I am moving my DAGs from Airflow hosted on a single GCP vm to Astronomer
We have this maintenance DAG that cleans up Airflow’s backend database with some retention period
This is the DAG we use

Is this something that I no longer need using Astronomer? does the airflow backend has a retention policy by default? if yes, where can I find out what is the retention period?

I just looked into this a couple months ago and couldn’t find anything saying that Astronomer cleans up the meta database automatically, so i actually implemented that same DAG in my deployments.

Hey @gilboa-reif and @Tgoad! Thanks for reaching out on this. Astronomer products currently do not do any automatic metadata cleanup, but it’s definitely on our roadmap.

We’ve looked at those DAGs from Google – they’re super nice. I’d recommend sticking to those for now until it’s native to our products.

Is the 30-day mark reasonable for your team? Would you like that to be configurable?

Hey @Paola, I will always vote for configurable, but 30 sounds like a solid default value.

1 Like

Hi @paola, I just came across this thread recently and was about to add teamclairvoyant/airflow-maintenance-dags for as Airflow metadata db retention policy.

It’s been about 3 months since October 2022, has Astronomer implemented automatic Airflow metadata cleanup? Is this in production?
If it has been implemented, can you please point me to documentation and configuration to setup the retention policy? Also which version of Astronomer Runtime supports this feature.

Thank you

Hey @ltu2023 Thanks for reaching out. While this is still on our roadmap and it’s very much our intent to solve for this problem, it’s still going to take some more time for us to get this out. I can’t promise an expected month quite yet. The Clairvoyant maintenance DAGs seem like a fair bet to me in the meantime.

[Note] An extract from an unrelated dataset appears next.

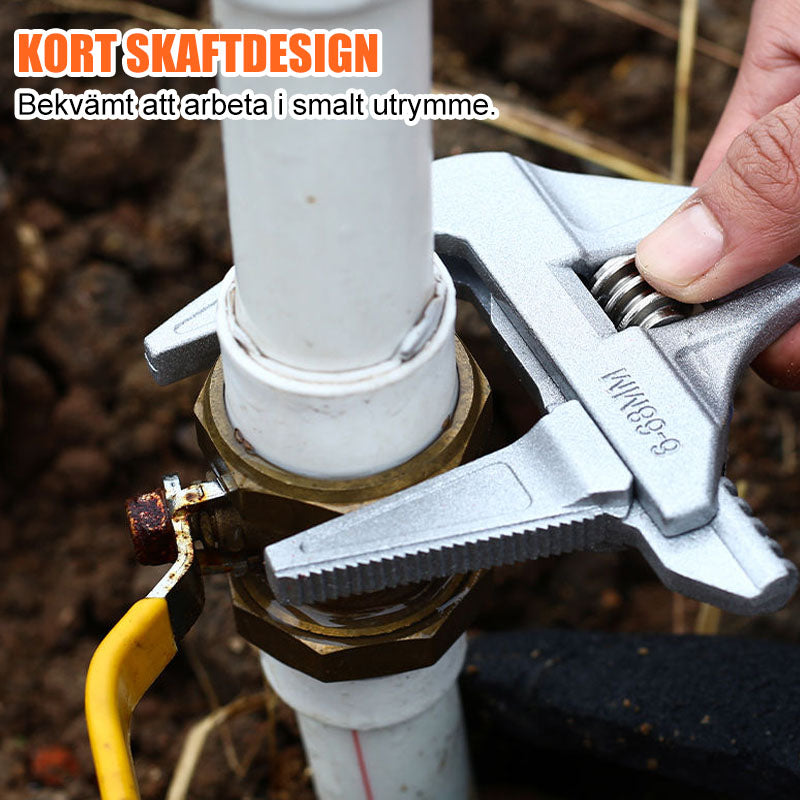 "Justerbar rörmokarnyckel i metall med bred käft, optimal för VVS-arbete, set mot vit bakgrund."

Curious, what’s the primary driver for implementing this cleanup? It’d of course be a best-practice, but curious if you’re hitting a pain point that’s making this particularly relevant for your team.

Hi @paola
Thanks for the speedy response.

Regarding the primary driver, we have occasional scheduler issues that I can’t pin point if it’s related to accumulating data in Airflow metadata DB. This is an effort to eliminate this worry.